**Data below:**
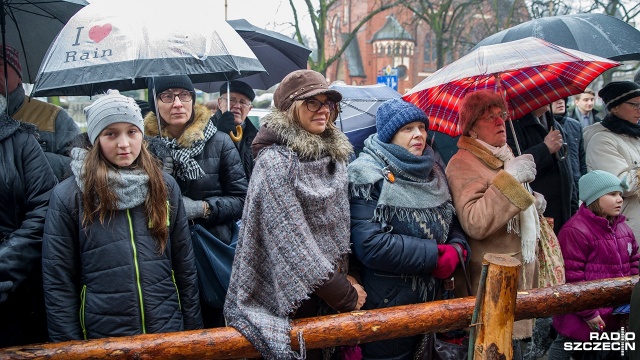 Żywa szopka przed Sanktuarium Najświętszego Serca Pana Jezusa mówią Szczecinianie. Fot. Olaf Nowicki [Radio Szczecin] 20-letnia tradycja kolędowania w centrum Szczecina [WIDEO, ZDJĘCIA]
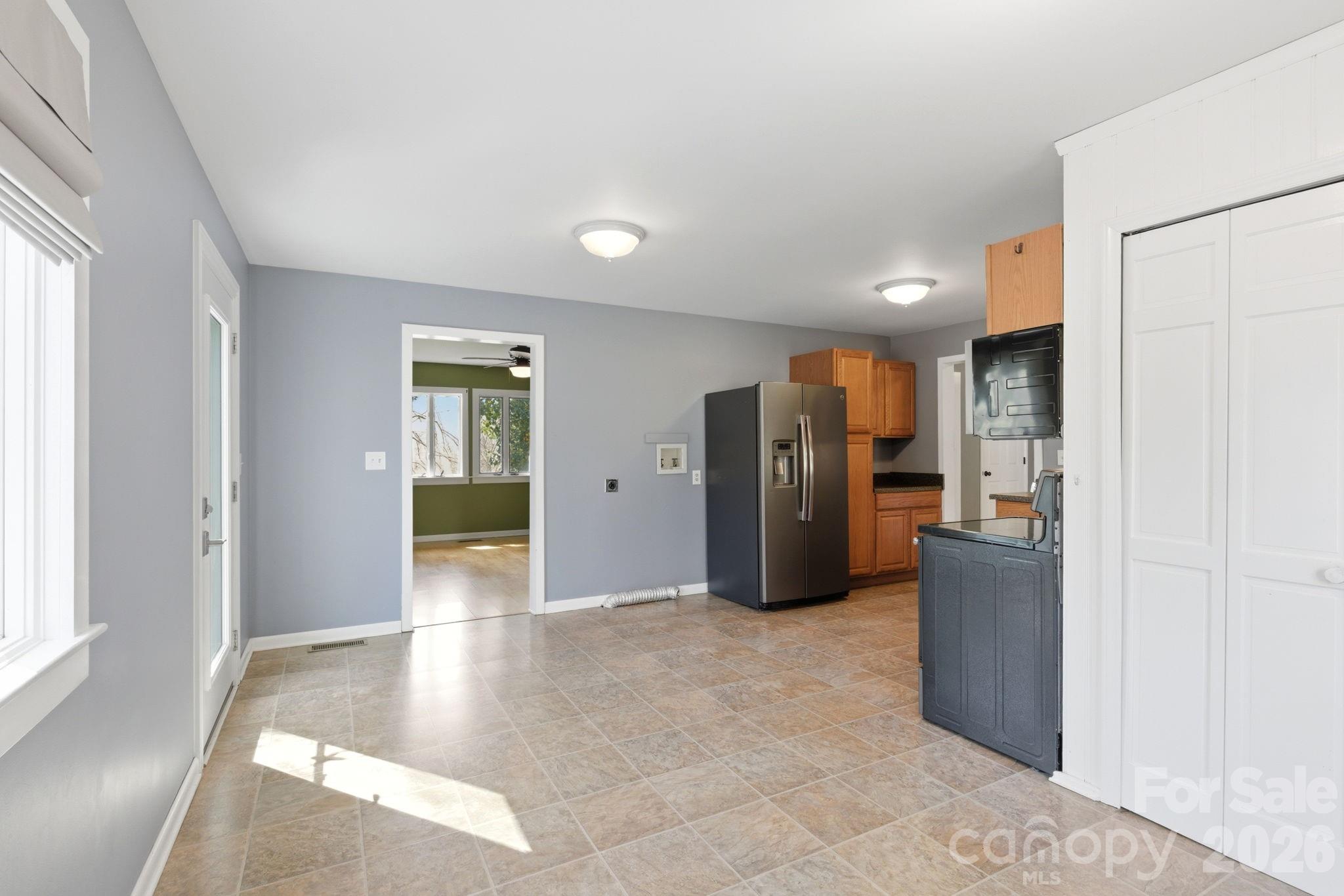 120 42nd Avenue Circle NE — Hickory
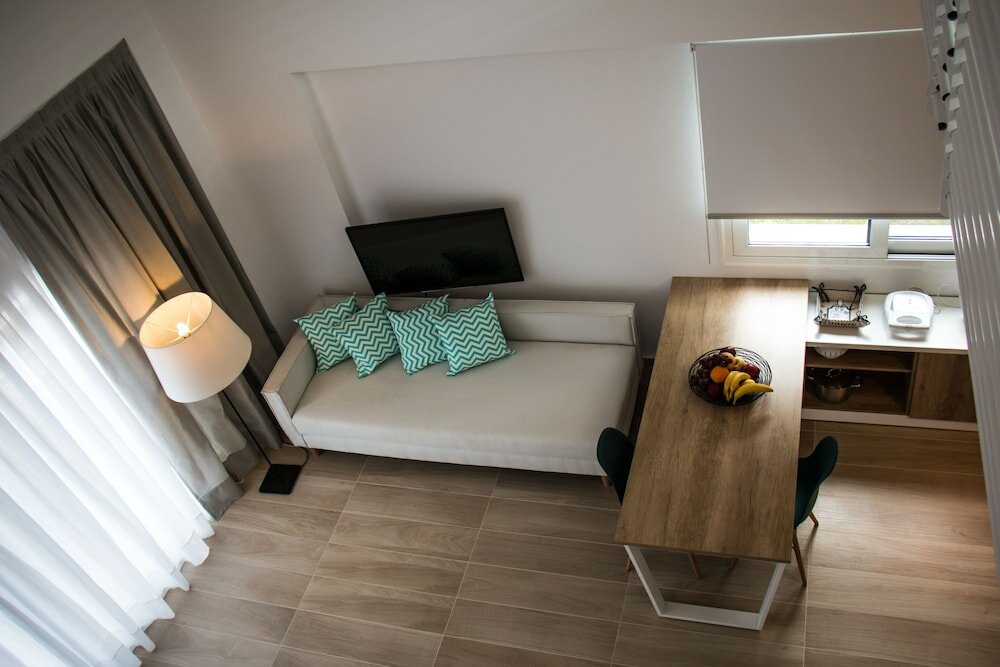 Фото Aristotelia Gi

**What the task asks:** Retype the listing above exactly as it appears, omitting the pictures.

**Response to the task:**
 Żywa szopka przed Sanktuarium Najświętszego Serca Pana Jezusa mówią Szczecinianie. Fot. Olaf Nowicki [Radio Szczecin] 20-letnia tradycja kolędowania w centrum Szczecina [WIDEO, ZDJĘCIA]
 120 42nd Avenue Circle NE — Hickory
 Фото Aristotelia Gi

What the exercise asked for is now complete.